Tester shows Circuit wired correctly but GFCI Trips under smallest load

gfci

We added an outdoor fireplace and trying to wire it up. I am repurposing an old generator connection on the outside of the house. Here is the current setup

10-3 wire from panel to the outside junction box. From the junction box it's solid 12 awg to the actual plug (non-GFCI). I removed the 30amp breaker in the panel and replaced with a 20amp GFCI. White neutral is connected to the panel neutral bus (verified not ground). The black wire from the 10-3 is connected to breaker. I pulled the 12 awg wire today through conduit that my landscaper left so I know it's good.

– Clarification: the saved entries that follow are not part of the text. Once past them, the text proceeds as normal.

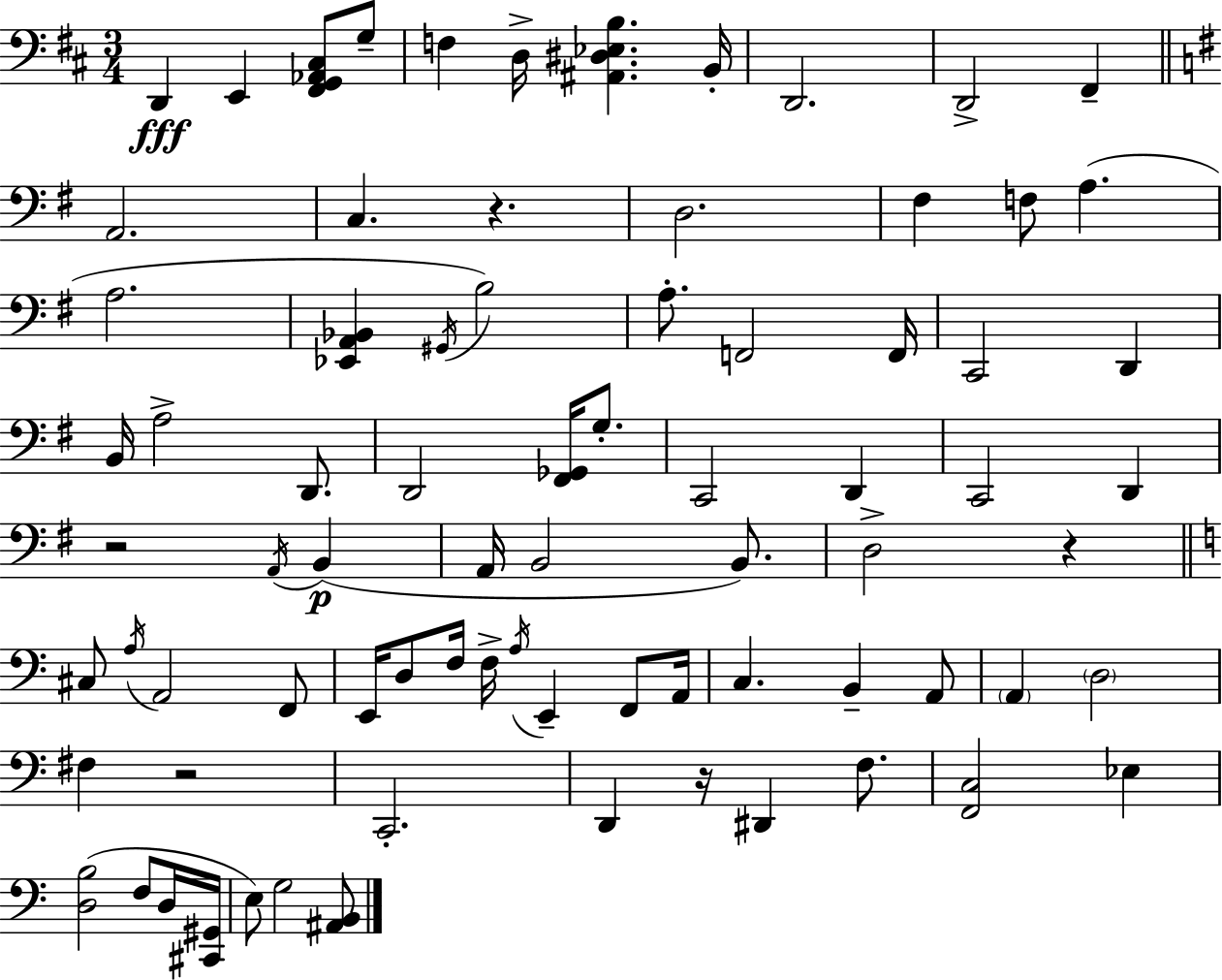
X:1
T:Untitled
M:3/4
L:1/4
K:D
D,, E,, [^F,,G,,_A,,^C,]/2 G,/2 F, D,/4 [^A,,^D,_E,B,] B,,/4 D,,2 D,,2 ^F,, A,,2 C, z D,2 ^F, F,/2 A, A,2 [_E,,A,,_B,,] ^G,,/4 B,2 A,/2 F,,2 F,,/4 C,,2 D,, B,,/4 A,2 D,,/2 D,,2 [^F,,_G,,]/4 G,/2 C,,2 D,, C,,2 D,, z2 A,,/4 B,, A,,/4 B,,2 B,,/2 D,2 z ^C,/2 A,/4 A,,2 F,,/2 E,,/4 D,/2 F,/4 F,/4 A,/4 E,, F,,/2 A,,/4 C, B,, A,,/2 A,, D,2 ^F, z2 C,,2 D,, z/4 ^D,, F,/2 [F,,C,]2 _E, [D,B,]2 F,/2 D,/4 [^C,,^G,,]/4 E,/2 G,2 [^A,,B,,]/2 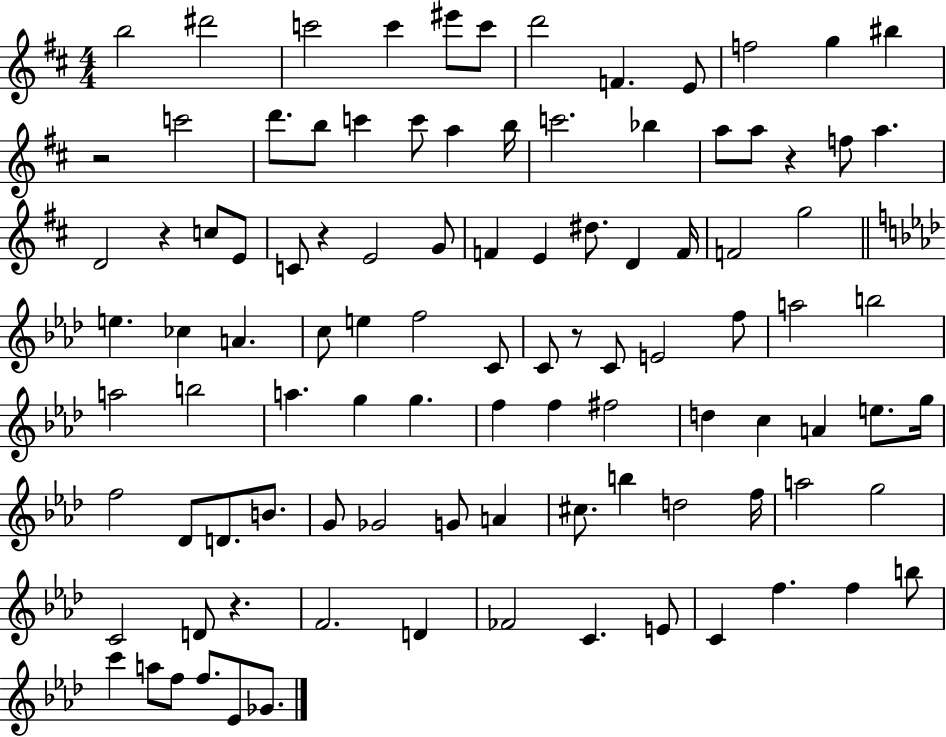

Inside the junction box I connected black/black, red/red, white/white, and green/green.

Outlet (non-GFCI) is wired black to bronze, white to silver, green to ground. No other circuit or connections are inline or connected.

Turning on the breaker everything is fine, hit the test button on the breaker and it trips like it should. Reset the breaker and walk outside and plug in my tester, 2 lights showing correct. Press the test button and circuit does not trip but plugging in even a 60 watt lamp causes this circuit to trip.

I'm not an electrician but I have done plenty of electrical work. Any help is appreciated. Literally the only break between the panel and the outlet is where the 10awg to 12awg wire connection was made.

I did test Hot/Ground @ 123v, and hot neutral at 123v. Neutral/ground tested 0.

FWIW the red hot leg on a completely separate GCFI breaker acts exactly the same way.

Best Answer

White neutral is connected to the panel neutral bus (verified not ground). The black wire from the 10-3 is connected to breaker.

Last I checked, (I don't use GFCI breakers, normally, I just put a GFCI as the first thing in line) the neutral needs to connect to the GFCI breaker neutral connection (and depending on design, you may need to connect a pigtail from the breaker to the neutral buss) otherwise the GFCI cannot possibly work.

A GFCI compares the current on the hot and neutral, and trips the GFCI function on a difference between them (5 mA nominal) - if it's not seeing the neutral return current, it will see an imbalance from the hot it does see and the neutral which it will see as 0mA if the neutral wire is not connected to it correctly.